> _Data provided_
---

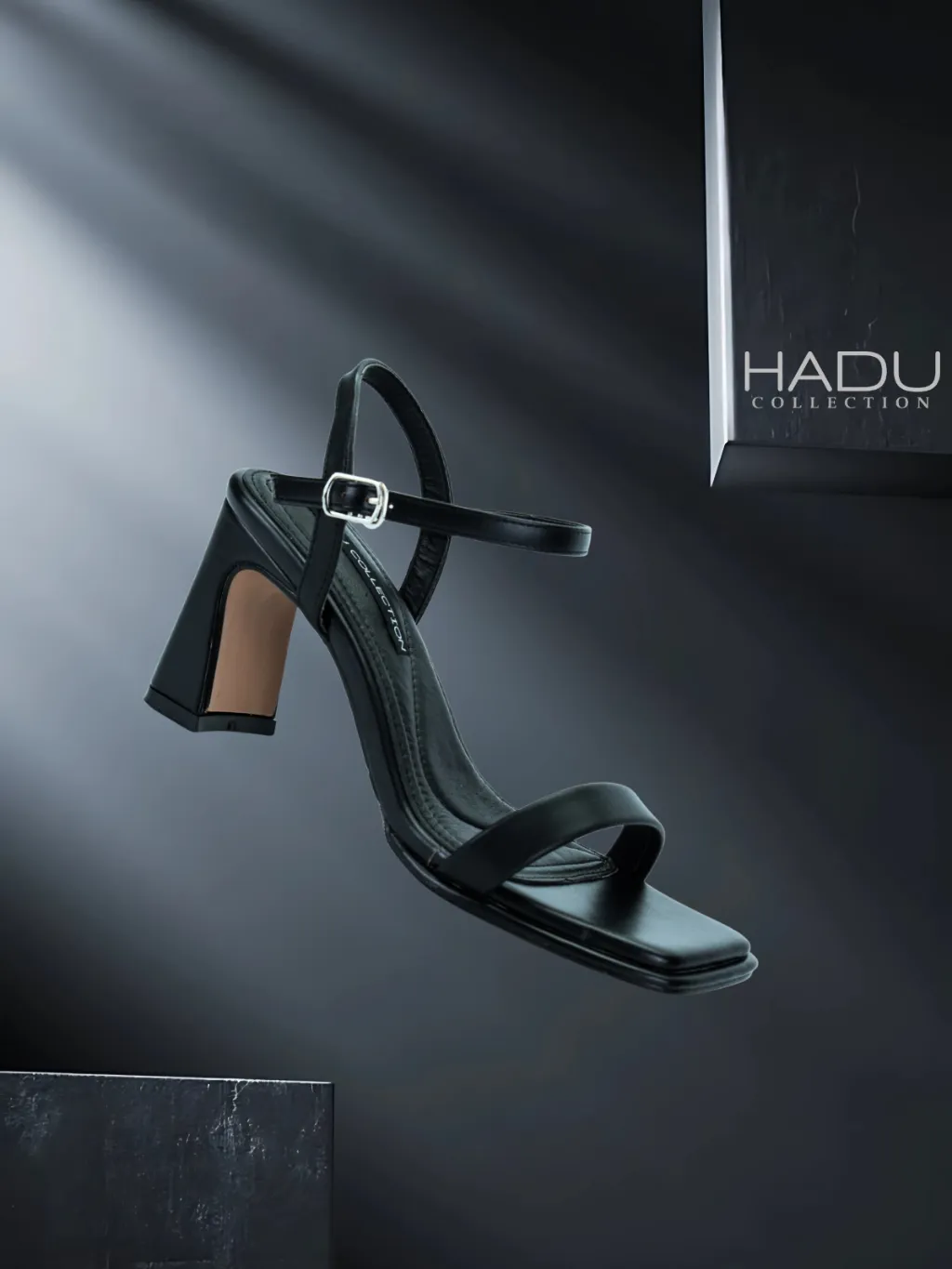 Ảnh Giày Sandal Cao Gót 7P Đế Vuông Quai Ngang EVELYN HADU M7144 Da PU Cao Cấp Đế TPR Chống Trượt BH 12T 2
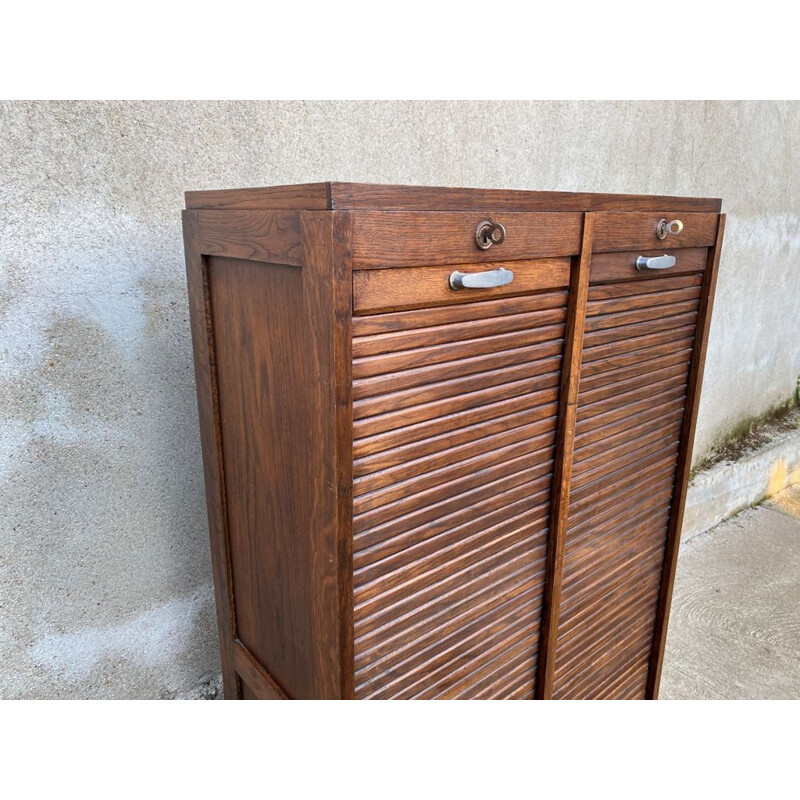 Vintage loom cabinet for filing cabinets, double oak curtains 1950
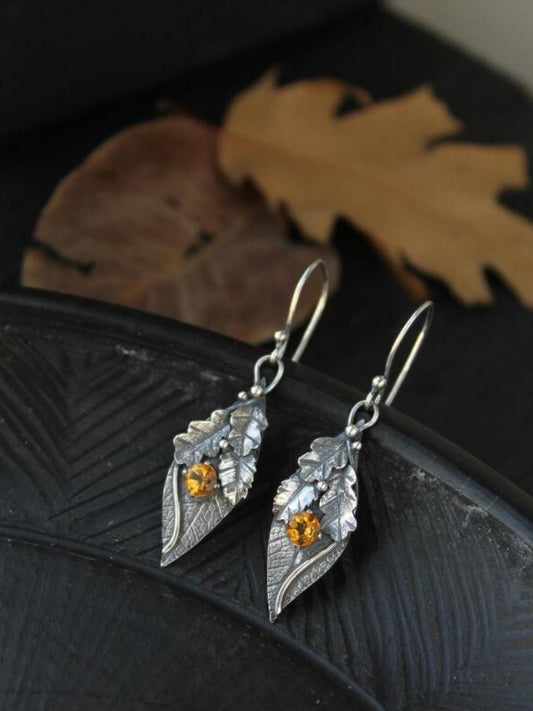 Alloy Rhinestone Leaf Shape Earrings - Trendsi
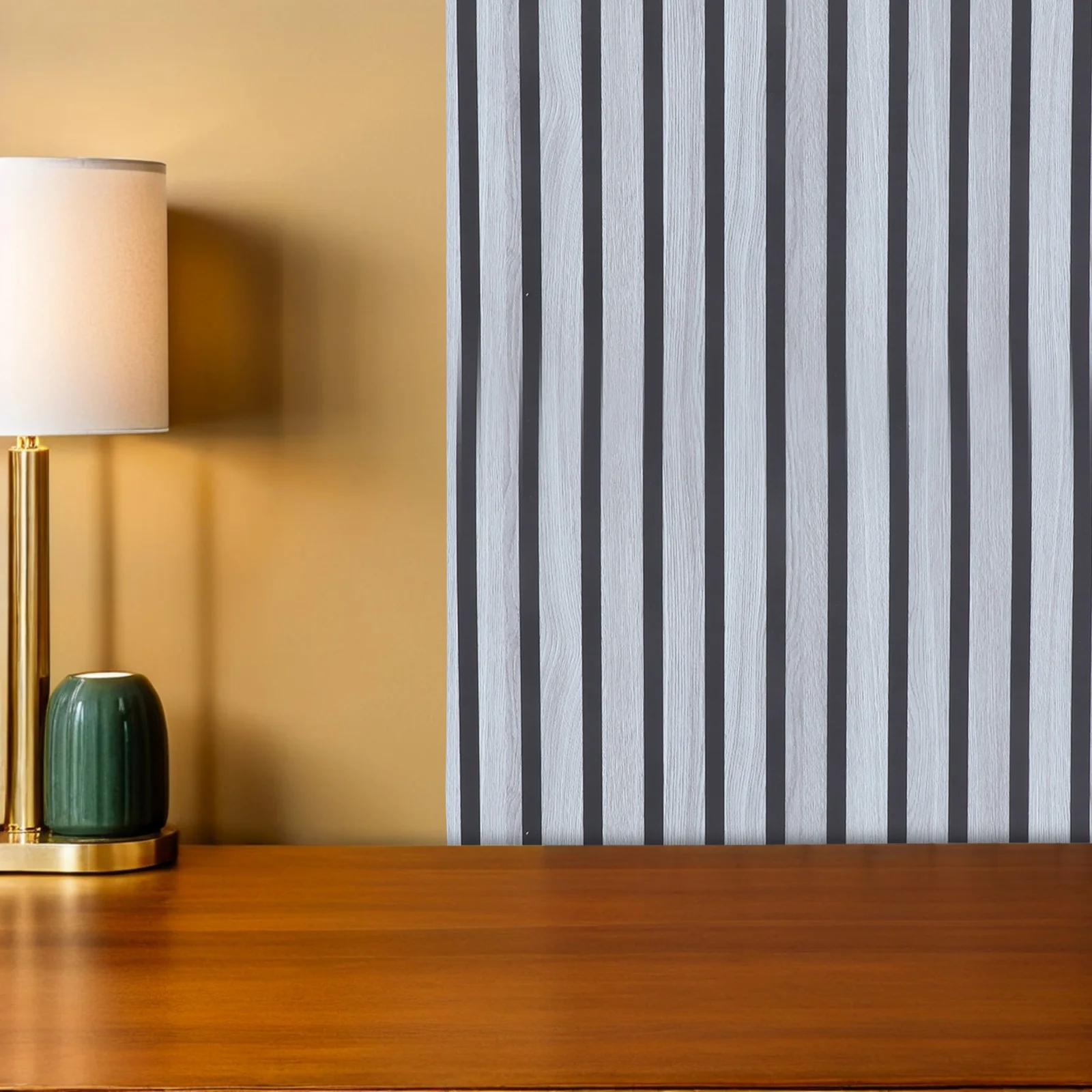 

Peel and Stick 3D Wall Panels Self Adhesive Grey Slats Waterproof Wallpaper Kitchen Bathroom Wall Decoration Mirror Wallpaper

---

> _What you have to do_
Copy out exactly the lines that run from the line containing "Alloy Rhinestone Leaf" through the last line of the material, and nothing more; omit the pictures.

> _Written answer_
 Alloy Rhinestone Leaf Shape Earrings - Trendsi

Peel and Stick 3D Wall Panels Self Adhesive Grey Slats Waterproof Wallpaper Kitchen Bathroom Wall Decoration Mirror Wallpaper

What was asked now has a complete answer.